WARNING: sooooo, I misunderstood what each function does exactly, and the reports were significantly off. Update pending.
# pg_sizes
'dataplot' total size: 16MB, of which table 12.7MB toast 459KB indexes 2.5MB other 8.2KB
'music' total size: 5.1GB, of which table 3.1GB toast 1.1GB indexes 1GB other 33KB
'quotes' total size: 6.4MB, of which table 2.8MB toast 492KB indexes 3.1MB other 0B
'solar' total size: 537MB, of which table 348MB toast 459KB indexes 189MB other 0B
Total size of databases: 5.7GB
# pg_sizes -d quotes -c -p
TABLE 'quotes'.'quotes'
base table size 631K
TOAST size 41K
index size 737K
Number of rows: 3156
NAME TYPE DISK_SIZE DISK_AVG DATA_SIZE DATA_AVG COMPR
quote text 432179 ( 0 MB) 136.9 426875 135.3 101%
quoter text 31937 ( 0 MB) 10.1 28781 9.1 110%
source text 16492 ( 0 MB) 5.2 13324 4.2 123%
viewed integer 6240 ( 0 MB) 4.0
proposed boolean
Total size of databases: 8.7MB
Where the last few columns are there to point out something similar to disk use versus apparent size.
- which is different mainly due to overheads and TOAST compression
- DISK_SIZE is space taken on disk (via pg_column_size)
- DISK_AVG is that divided by row count
- DATA_SIZE is the total uncompressed size (via octet_length, only applies to some types)
- DATA_AVG is that divided by row count
- COMPR is DISK_SIZE / DATA_SIZE to show overheads, and possible TOAST compression
Usage: pg_sizes [options]
Options:
-h, --help show this help message and exit
-d DBSUBSTR, --dbname-substring=DBSUBSTR
Only report databases containing given substring. Can
supply multiple with commas.
-p, --precise-rowcount
By default we get the row count estimate via VACUUM
statistics, which can make the column sizes a little
imprecise. This forces a count(*), which is slower but
precise.
-c, --column-sizes Estimate size use per column. NOTE: this basically
reads all data, so is slow and will mess with your
caches
-t TABSUBSTR, --table-substring=TABSUBSTR
Only show column sizes for tables containing given
substring. Can supply multiple with commas.
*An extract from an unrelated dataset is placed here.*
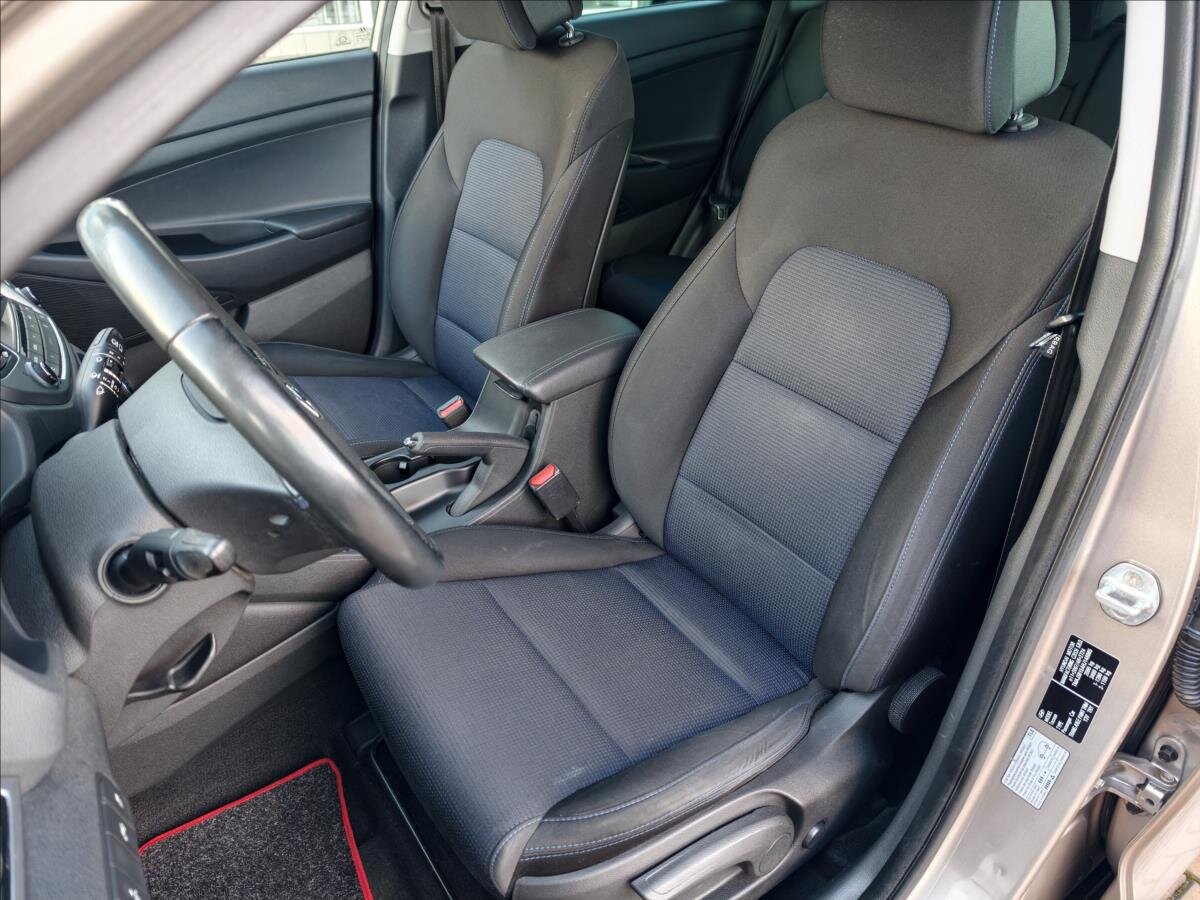 Hyundai Tucson SUV 1,7 l 85 kw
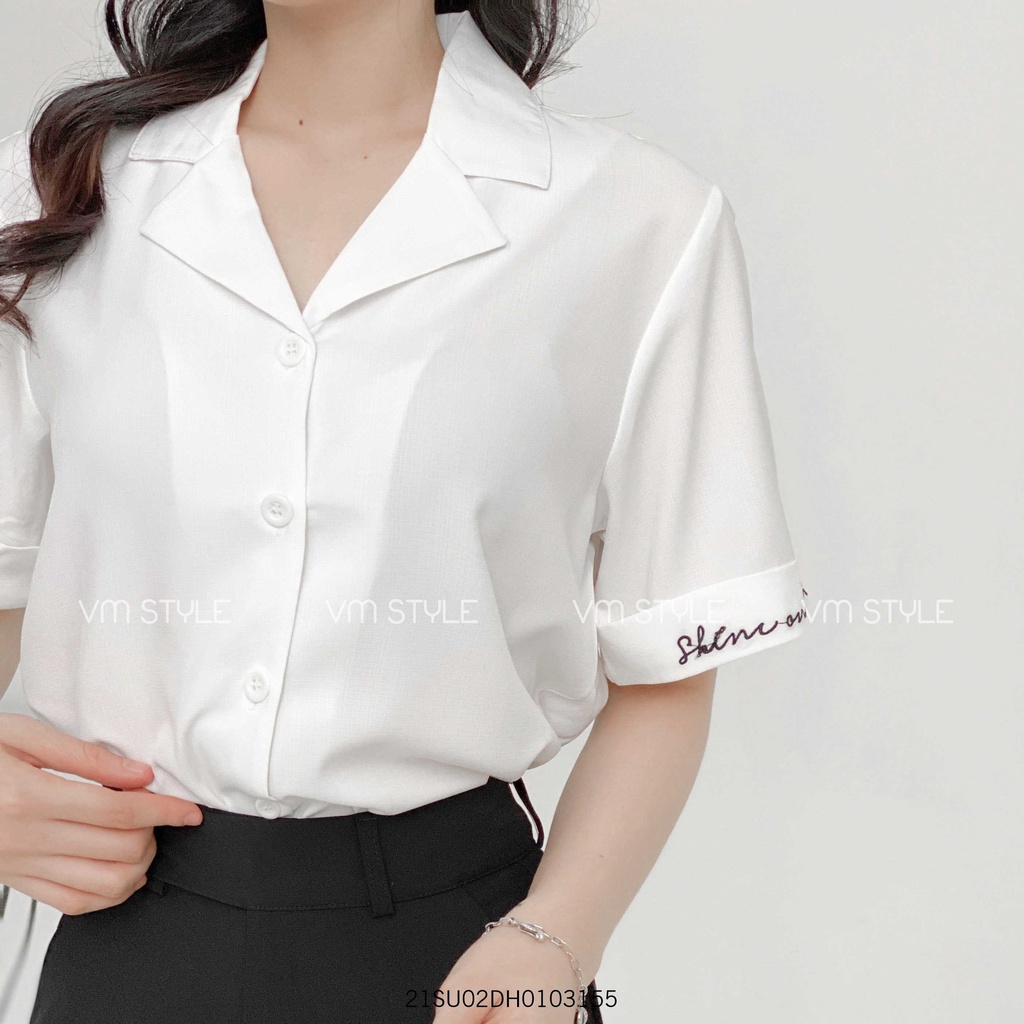 Áo sơ mi nữ cộc tay VMSTYLE cổ vest thêu chữ viền tay dáng suông basic-030174- SMU00033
The database summary comes entirely from data in pg_class for each database.
The column stuff uses pg_column_size and octet_length, and some assumptions about how those relate to TOAST and indices, which is probably at least part of why they seem a little different.
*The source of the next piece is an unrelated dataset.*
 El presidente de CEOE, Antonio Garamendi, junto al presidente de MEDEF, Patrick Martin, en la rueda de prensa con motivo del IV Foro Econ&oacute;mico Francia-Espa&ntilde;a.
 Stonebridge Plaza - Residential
It looks like pg_class isn't always updated on vacuums, so this may be significantly off (after bulk inserts?).
Proof of concept version, contains various hardcoded assumptions. I still need to reread the docs on the various size functions to ensure it means precisely what I think it means.
The column summaries need to read a lot of table data. Which is slowish, and for databases larger than RAM will probably shred your nicely warmed caches.
Needs access to each database, so:
- assumes we connect as postgresql role
postgres
- assumes that's trusted on localhost via pg_hba (so no username)
- assumes that's the admin and can read everything
Also, you're running someone else's code on your database.
-
Make the distinction of disk use versus data size in more places
-
maybe don't count on pg_class (used only for the overview) being correct - it can be off by a ''lot'' until the next vacuum
-
Output as JSON, or something else parsable
-
A 'forced index warming' mode or such, because we have code that matches filenames to relations so it wouldn't be a stretch to have
-
It may be useful to show disk use rather than apparent size, by stat()s to the filesystem. The code for it is commented out because it has to assume you have filesystem permissions, which is a point of failure you don't have using pg_class.
-
Clean up code, do some things more properly.